Below are the records; repeat exactly their lines between the line holding "OliverThompsonJS online show" and the line holding "New 2025 Volkswagen Jetta SE image 9", inclusive, skipping the pictures.

— Excerpted records —
Content starts
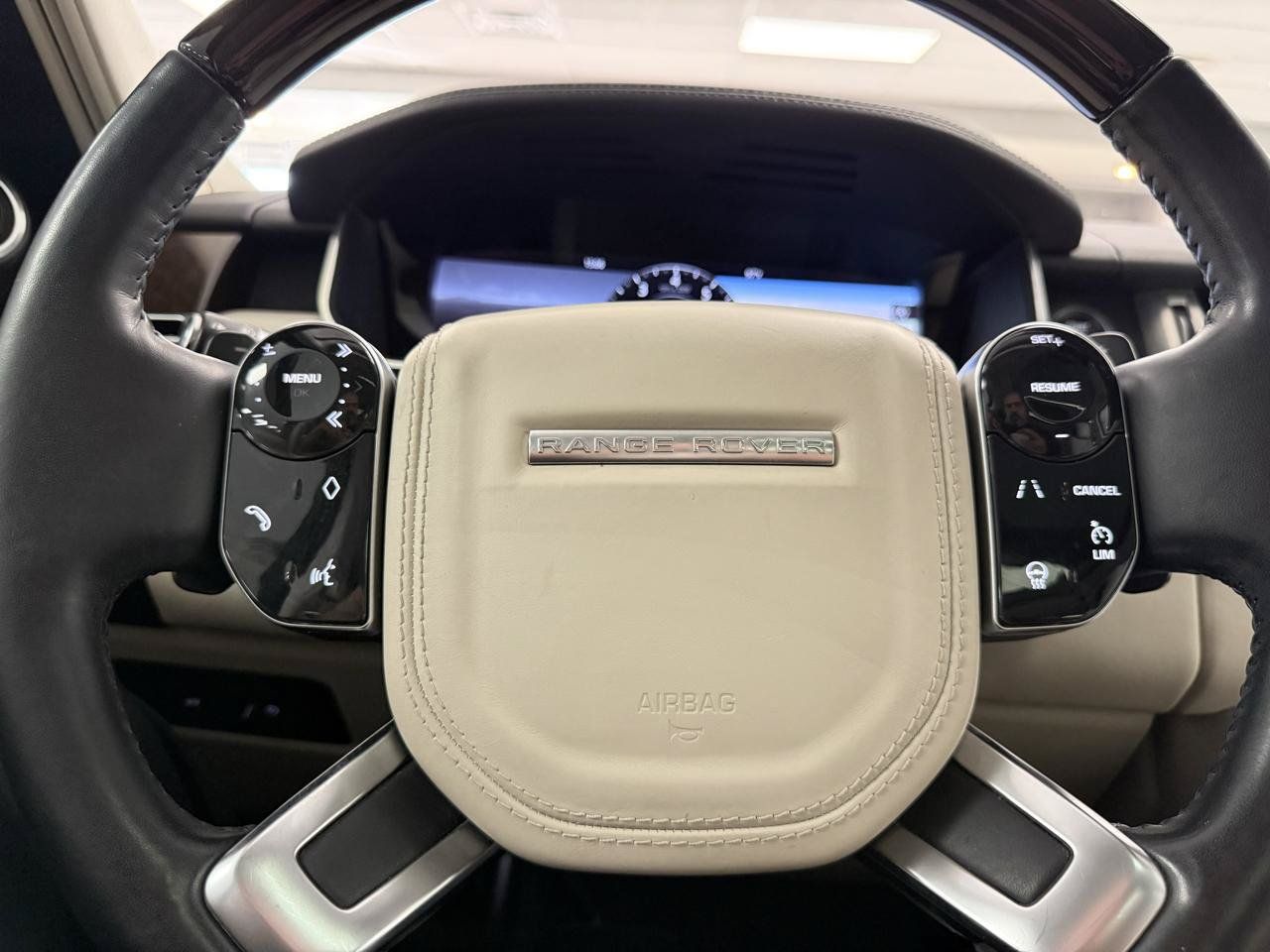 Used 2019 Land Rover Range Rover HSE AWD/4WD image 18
Content ends
Content starts
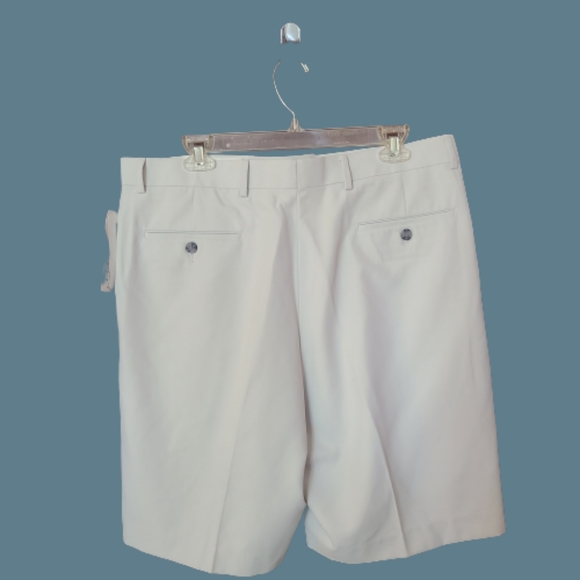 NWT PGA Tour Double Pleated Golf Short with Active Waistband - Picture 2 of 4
Content ends
Content starts
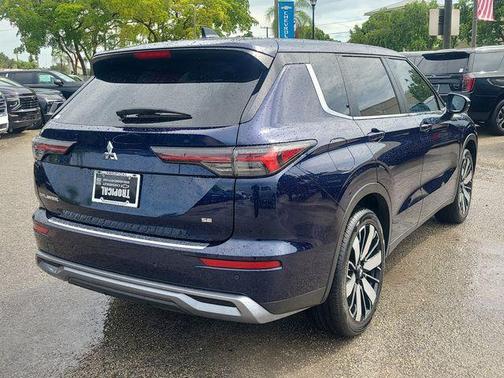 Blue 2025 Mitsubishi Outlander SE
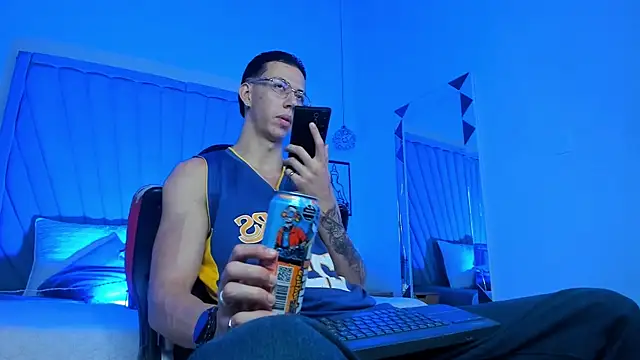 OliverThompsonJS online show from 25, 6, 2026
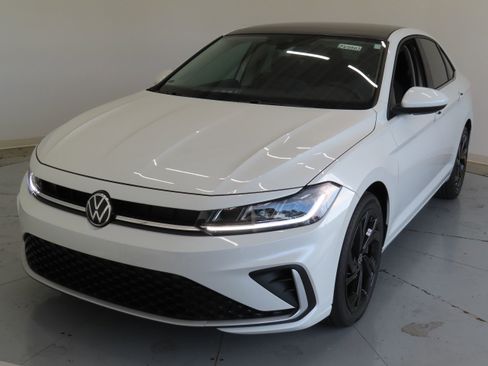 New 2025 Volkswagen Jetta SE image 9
Content ends
— Answer space —
 OliverThompsonJS online show from 25, 6, 2026
 New 2025 Volkswagen Jetta SE image 9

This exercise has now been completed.